Here is the simple, contrived example from the GitHub README:

import streamly


my_stream = io.BytesIO(
b"""Header
Metadata
Unwanted
=
Garabage

Report Fields:
col1,col2,col3,col4,col5
data,that,we,actually,want
and,potentially,loads,of,it,
foo,bar,baz,lorem,ipsum
foo,bar,baz,lorem,ipsum
foo,bar,baz,lorem,ipsum
...,...,...,...,...
Grand Total:,0,0,1000,0
More
Footer
Garbage
"""
)

wrapped_stream = streamly.Streamly(my_stream,
    header_row_identifier=b"Report Fields:\n",
    footer_identifier=b"Grand")

data = wrapped_stream.read(50)
while data:
    print(data)
    data = wrapped_stream.read(50)

HTTP Response

Please note that this example requires requests.

As mentioned in Getting Started, a common use case where Streamly can help is when dealing with an “unclean” HTTP response, i.e. a report returned by a digital marketing API. We’ll use some test data from the GitHub repository to demonstrate the use case here. Ensure you configure the output_file_path variable below:

import gzip

import requests
import streamly


# change this to the location you want to write to
output_file_path = "output.txt"

url = ("https://raw.githubusercontent.com/adamcunnington/"
       "Streamly/master/tests/data/test_data_1.txt")
raw_stream = requests.get(url, stream=True).raw
# raw.githubusercontent.com returns gzip encoded content
decompressor = gzip.GzipFile(fileobj=raw_stream)
wrapped_stream = streamly.Streamly(decompressor,
    header_row_identifier=b"Fields:\n", footer_identifier=b"Grand")

data = wrapped_stream.read()
if data:
    with open(output_file_path, "wb") as fp:
        while data:
            fp.write(data)
            data = wrapped_stream.read()

Navigate to output_file_path to see the output data.

Merging Files

Another example would be use Streamly to merge files. For the purposes of demonstration, start by manually downloading the following files to the same directory of your choice:

Then configure the files_dir_path variable below:

import os

import streamly


files_dir_path = "/home/<username>/Downloads/"

part_1 = os.path.join(files_dir_path, "test_data_1.txt")
part_2 = os.path.join(files_dir_path, "test_data_1 - page 2.txt")

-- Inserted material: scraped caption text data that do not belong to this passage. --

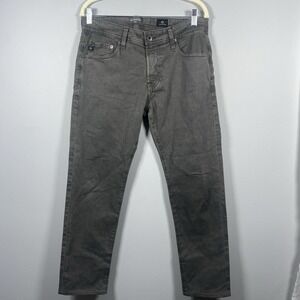 AG Adriano Goldschmied Men's Jeans 32x34 Gray The Stockton Skinny Fits 32x28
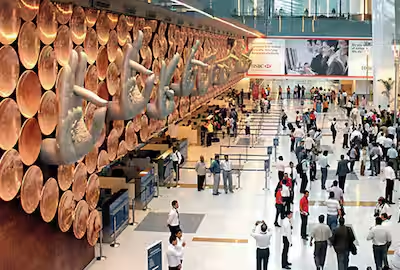 इंदिरा गांधी अंतर्राष्ट्रीय हवाई अड्डे को वर्ष 2024 में दुनिया के सबसे व्यस्त हवाई अड्डों में नौवां स्थान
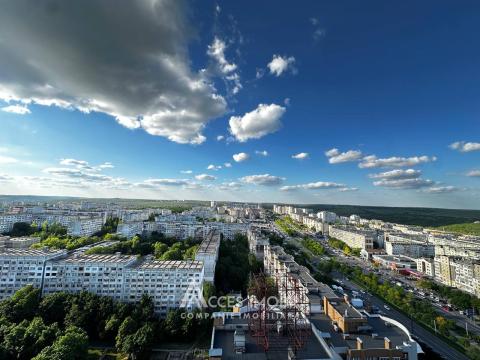 Braus! Пентхаус, бул. Мирча чел Бэтрын, Чеканы, 3 комнаты + гостиная. Eвроремонт! + Tерраса 20м2!: 16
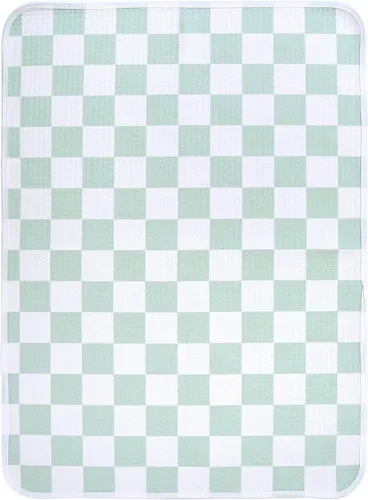 Vista 10 de haakaa Forros impermeables para cambiador (1 unidad, 19.7 x 27.5 pulgadas, flor de miel) Reusable Waterproof Baby Changing Mat with 100% Cotton
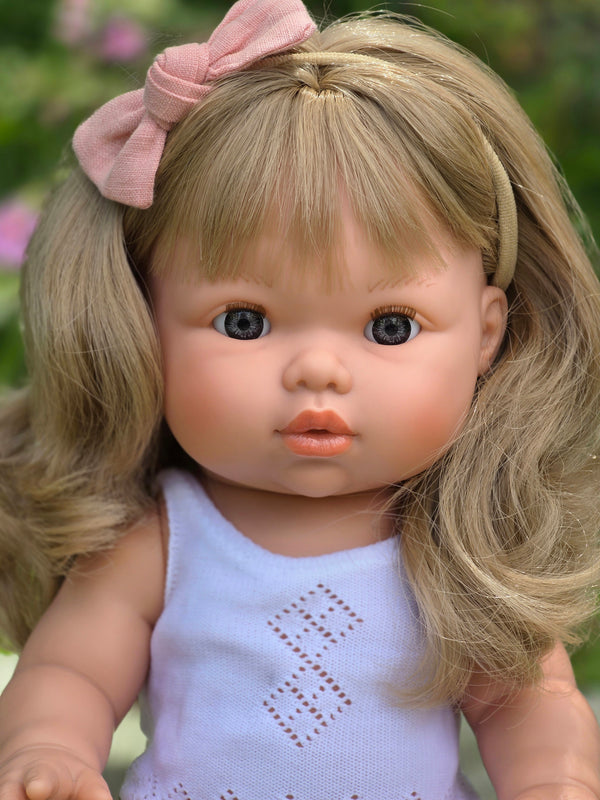 Mini Colettos, Kate (Blonde Hair Girl Doll with Blue Eyes)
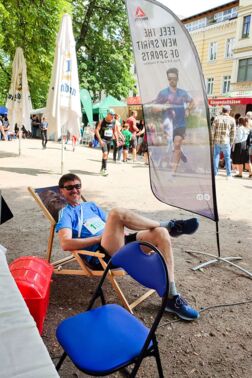 Augenoptik Martin Wünsche | Thomas Wünsche beim Görlitz-Marathon 2024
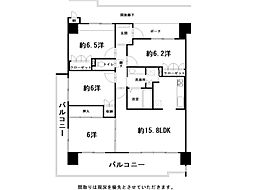 間取図画像 4LDK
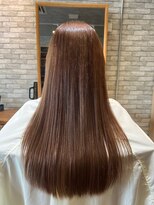 アンドブルー(and BLUE) リアルお客様ヘアスタイル☆髪質改善トリートメント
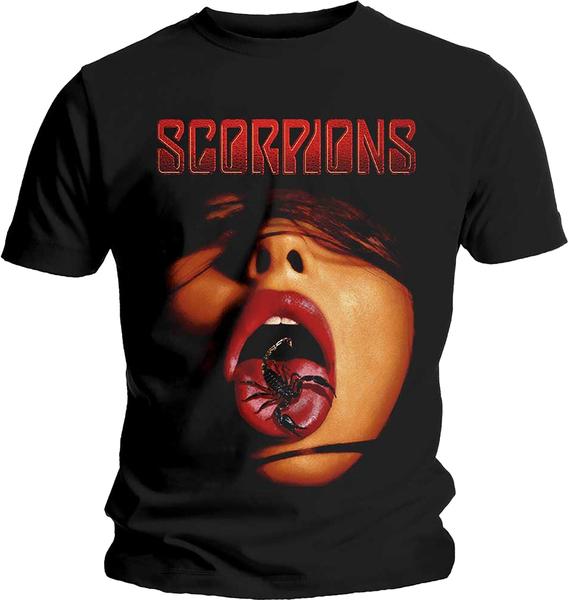 Actual product image Rock Off Scorpions Unisex T-Shirt Scorpion Tongue (XL)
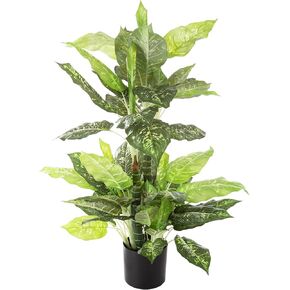 نبات الصبار العملاق من بيور جاردن - نبات عصاري صناعي مع وعاء مقاس 52 بوصة - مزيج الأشجار الاصطناعية من النمط الجنوبي الغربي مع ديكور المنزل الحديث in Kuwait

kwargs = {"encoding": "utf8", "newline": ""}

with open(part_1, **kwargs) as fp1:
    with open(part_2, **kwargs) as fp2:
        wrapped_streams = streamly.Streamly(fp1, fp2, binary=False,
            header_row_identifier="Fields:\n", footer_identifier="Grand")
        # Large read size as we're just reading from disk
        data = wrapped_streams.read(100000)
        if data:
            with open(os.path.join(files_dir_path, "output.txt"),
                      "f", **kwargs) as fp_out:
                while data:
                    fp_out.write(data)
                    data = wrapped_streams.read(100000)

Navigate to the output.txt file @ files_dir_path to see the output data.